§ **Prompt**: From the entries below, reproduce exactly the line containing "hot cross buns with poppy seeds", the line containing "Used Nio ES8 2023 75 kWh Rear Left 45 Deg", and every line in between, with nothing added.

§ **Provided material**:
--- START ---

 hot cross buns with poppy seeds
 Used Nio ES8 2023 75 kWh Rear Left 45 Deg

--- END ---
--- START ---

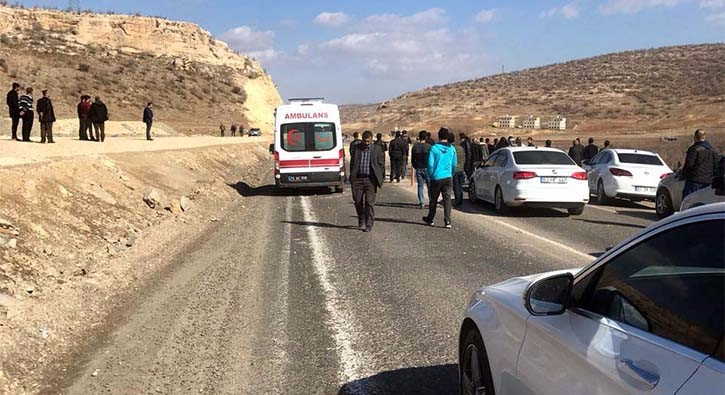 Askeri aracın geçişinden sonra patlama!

--- END ---

§ **Answer for the task**:
 hot cross buns with poppy seeds
 Used Nio ES8 2023 75 kWh Rear Left 45 Deg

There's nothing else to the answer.